◆ DATA EXTRACT

>>>>>

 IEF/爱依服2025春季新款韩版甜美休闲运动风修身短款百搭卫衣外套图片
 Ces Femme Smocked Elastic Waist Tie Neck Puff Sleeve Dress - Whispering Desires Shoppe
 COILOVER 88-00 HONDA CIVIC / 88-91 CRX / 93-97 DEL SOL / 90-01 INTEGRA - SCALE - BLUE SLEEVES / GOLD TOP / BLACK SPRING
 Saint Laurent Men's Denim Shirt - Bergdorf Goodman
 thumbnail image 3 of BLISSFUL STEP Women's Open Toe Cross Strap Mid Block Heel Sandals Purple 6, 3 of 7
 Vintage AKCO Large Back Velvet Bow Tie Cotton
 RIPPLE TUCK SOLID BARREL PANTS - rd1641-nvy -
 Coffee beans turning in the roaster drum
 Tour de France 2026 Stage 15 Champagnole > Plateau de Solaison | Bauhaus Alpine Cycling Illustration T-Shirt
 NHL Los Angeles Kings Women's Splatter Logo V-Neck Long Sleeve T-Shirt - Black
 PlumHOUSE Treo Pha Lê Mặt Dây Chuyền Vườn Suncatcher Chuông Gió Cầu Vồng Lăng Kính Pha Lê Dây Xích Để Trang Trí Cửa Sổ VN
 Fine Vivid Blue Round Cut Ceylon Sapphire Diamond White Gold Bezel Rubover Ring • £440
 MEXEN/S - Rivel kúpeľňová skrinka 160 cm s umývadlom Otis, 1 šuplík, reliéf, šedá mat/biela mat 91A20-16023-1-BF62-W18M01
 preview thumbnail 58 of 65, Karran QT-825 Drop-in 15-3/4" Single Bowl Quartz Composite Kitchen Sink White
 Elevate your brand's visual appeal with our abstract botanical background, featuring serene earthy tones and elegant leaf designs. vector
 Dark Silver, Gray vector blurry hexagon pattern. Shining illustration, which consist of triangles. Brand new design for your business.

<<<<<

◆ TASK TO COMPLETE
Among the lines above, show every one that contains the string "Neck".

◆ SOLUTION FOR THIS EXERCISE
 Ces Femme Smocked Elastic Waist Tie Neck Puff Sleeve Dress - Whispering Desires Shoppe
 NHL Los Angeles Kings Women's Splatter Logo V-Neck Long Sleeve T-Shirt - Black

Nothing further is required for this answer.